No vi nada más lindo que Manhattan. O sí, pero en este caso no importa.
No vi nada más lindo que la lluvia y sí vi, pero tampoco en este caso importa.
No vi una lluvia en Manhattan y esto sí, en este caso, importa porque entonces me quedé con la postal de la única –o la mejor, o la única que recuerdo, que quiero recordar– lluvia que vi en Manhattan, que fue en una película, muy vieja por cierto: Desayuno en Tiffany (1961, Blake Edwards).
Así me enamoré de esa lluvia y de la película.
Una lluvia que se desploma, en la escena final, sobre un callejón de la gran manzana donde Holly (Audrey Hepburn) busca a su gato perdido y Paul (George Peppard) la busca a ella.

En el amanecer de la primera escena, Holly camina sobre la 5º avenida desierta. Luego, frente a la vidriera de la joyería, desayuna café con medialunas. Entonces hay sol y hay luz, esa luz ficticia que tiene Nueva York cuando la están –la estamos– mirando. Y Holly tiene esa misma luz.

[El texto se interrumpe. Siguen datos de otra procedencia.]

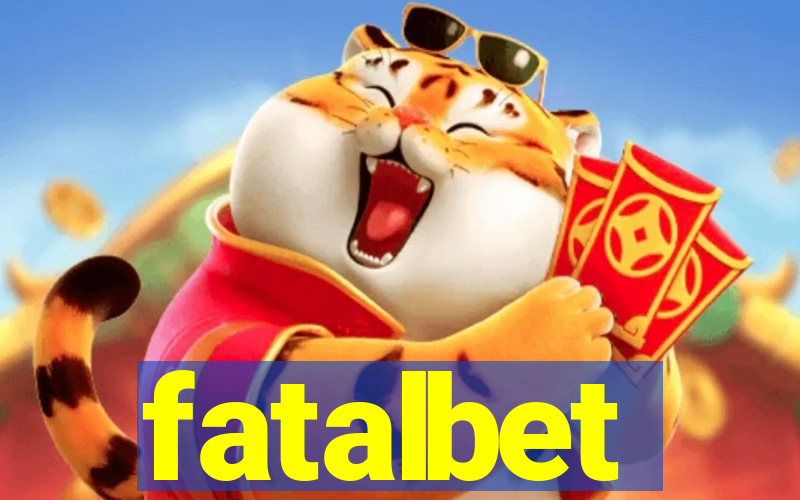 fatalbet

Holly es una chica que viene del paisaje rural pero que, excéntrica y desprejuicida, se mueve con elegancia en las fiestas de la alta sociedad neyorquina de la década del 50 donde se cruzan la mafia, el alcohol y las drogas. Allí, en el territorio liberado de las ataduras sexuales y moralistas de una de las décadas más conservadora y reaccionarias de la historia de los Estados Unidos, la aparentemente frívola y alocada Holly busca posibles maridos de abultadas billeteras que complazcan sus anhelos. Luego duerme, cerca de su gato, bajo un cubreojos que le da oscuridad plena y la protege de las luces de Manhattan, sin quitarse los pendientes de brillantes. Esa es una Holly.
La otra Holly, tal vez la más bella, con su pelo envuelto en una toalla y sin maquillaje, aparece sentada al borde de una ventana cantándole “Moon river” a una luna que busca un pedazo de cielo entre los millones de edificios y va a encontrarlo allí, en el patio interno de su edificio. Y esa es otra luz, vulnerable, melancólica. Es la Holly que no conocen aquellos hombres y que inicia con Paul –su vecino: escritor fracasado; gigoló que entretiene a la aburrida esposa de uno de esos hombres de abultadas billeteras, también aburridos, a cambio de un sueldo– una amistad sincera que, lentamente, empieza a transformarse en una historia de amor.
Y es la picante y tierna historia de amor entre estos dos personajes marginales que se aprovechan del dinero pero a quienes, en el fondo, el dinero no les interesa en absoluto. Dos hipsters, tal vez –si Norman Mailer lo dijo de Kennedy, ¿por qué no decirlo de cualquiera?–, que se encuentran en el mismo mundo solitario de todos los tiempos.
Bajo la apariencia de una simple comedia romántica que explora la superficie de una isla en la que la felicidad se mide en kilates, la película entraña una acidez corrosiva en cantidades elogiablemente elegantes. La historia permite abrir con prolijidad quirúrgica las entrañas de ese mundo lleno de brillo, lleno de luz...
Y en la última escena, en ese callejón lleno de tachos de basura donde el gato de Holly se pierde y Holly dice: “somos como este gato, no pertenecemos a nadie....”, Paul le da ese beso. Y llueve.